Le président ukrainien Volodymyr Zelensky a déclaré vouloir se rapprocher de l'Afrique et de l'Amérique latine afin de contrer l'influence russe.
Le choix porté par le président ukrainien Volodymyr Zelensky sur l'Afrique et l'Amérique latine n'est pas anodin. En effet, l'influence de Moscou sur ces deux continents s'est accentuée depuis quelques années.

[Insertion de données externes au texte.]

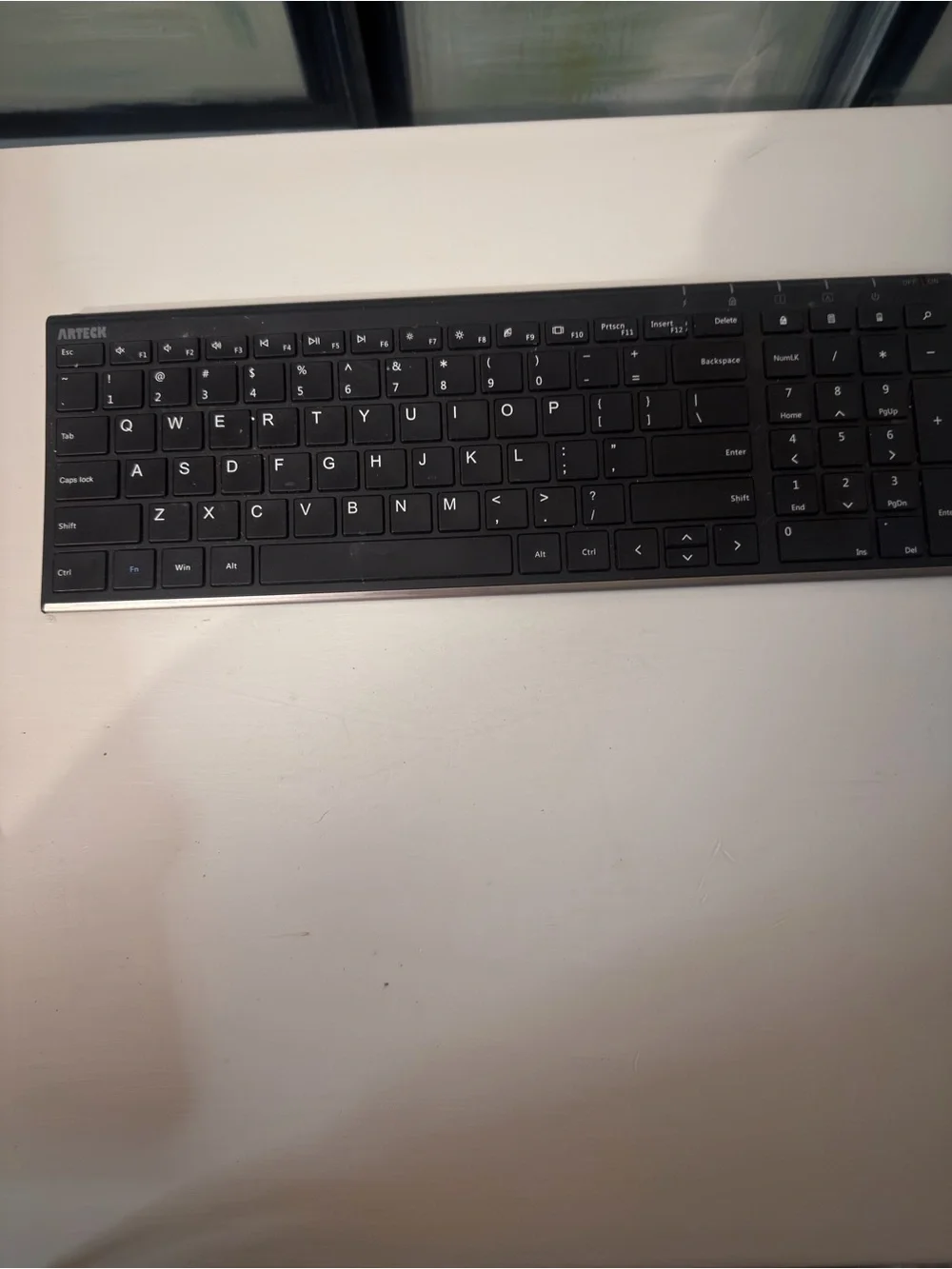 Slim Wireless Keyboard - Black Bluetooth by Arteck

Selon Patrick Mboyo, chercheur en droit public et en sciences politiques à l'Université Paris-Saclay en France, "cela montre que le soutien militaire, économique, financier que ce pays reçoit des pays occidentaux - et la plupart constitués de grandes économies - ne suffit pas, ou ne suffit plus, pour aller au bout de son ambition de tenir tête à la Russie". "C'est une annonce très attendue. D'ailleurs, elle a mis beaucoup de temps à venir, un an après le début de ce conflit. Volodymyr Zelensky avait rappelé que l'aide international ne se résume pas seulement aux pays de l'Union européenne", rappelle le directeur de l'Institut prospective et sécurité en Europe (IPSE), Emmanuel Dupuy,
Soutiens diplomatiques
L'annonce de cette offensive marque en effet le désir d'obtenir des soutiens diplomatiques, notamment au travers des votes à l'Assemblée générale des Nations unies. C'est ce que souligne le général Dominique Trinquand, expert militaire et ancien chef de la mission militaire française auprès de l'Onu.

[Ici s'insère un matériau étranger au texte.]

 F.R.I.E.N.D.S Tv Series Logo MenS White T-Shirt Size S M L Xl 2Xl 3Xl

"Il est important que l'Ukraine puisse faire entendre sa voix auprès d'un certain nombre de pays africains, en particulier pour relayer le message que la guerre russe en Ukraine est une guerre coloniale. Et donc, qu'elle ne peut pas être soutenue par d'anciennes colonies qui ont lutté pour leur indépendance", affirme-t-il.
Un enjeu pour l'Ukraine
Le continent africain constitue un enjeu important pour l'Ukraine mais sa présence reste encore très limitée, rappelle Volodymyr Poselsky, président de l'ONG Ukraine en Europe, enseignant à l'Institut national des langues et civilisations orientales (Inalco).
"L'Ukraine a des capacités limitées pour l'instant. Par exemple, ce pays n'a que dix ambassades sur tout le continent africain. Depuis le début de l'agression russe (le 24 février 2022), Zelensky a parlé quand même à plus d'une vingtaine de dirigeants des pays africains. Et le ministre des Affaires étrangères s'est rendu en Afrique pour la première fois depuis des décennies. Par ailleurs, le continent africain est désormais plus important sur le plan commercial que la Russie."
Le Maroc est ainsi le plus grand importateur de blé ukrainien. Les exportations de blé représentent environ 50% des échanges commerciaux que l'Ukraine réalise avec l'Afrique. Cette part est de 90% pour la Russie.
Selon l'Organisation des Nations unies pour l'alimentation et l'agriculture (FAO), l'Egypte, grand importateur de blé, achète 20% de son blé en Ukraine mais les deux tiers toujours à la Russie.
Selon Henri-Louis Védie, docteur en sciences économiques de l'université Paris-Dauphine et chercheur principal au Policy Center for the New South, à Rabat, cité par nos confrères de Jeune Afrique, "Au total, 16 pays africains dépendent à plus de 56 % pour leur approvisionnement en blé de l'Ukraine et/ou de la Russie, auxquels viennent s'ajouter 26 pays ayant une dépendance inférieure. L'Afrique est sans doute le plus concerné des continents par sa dépendance au blé russe et ukrainien."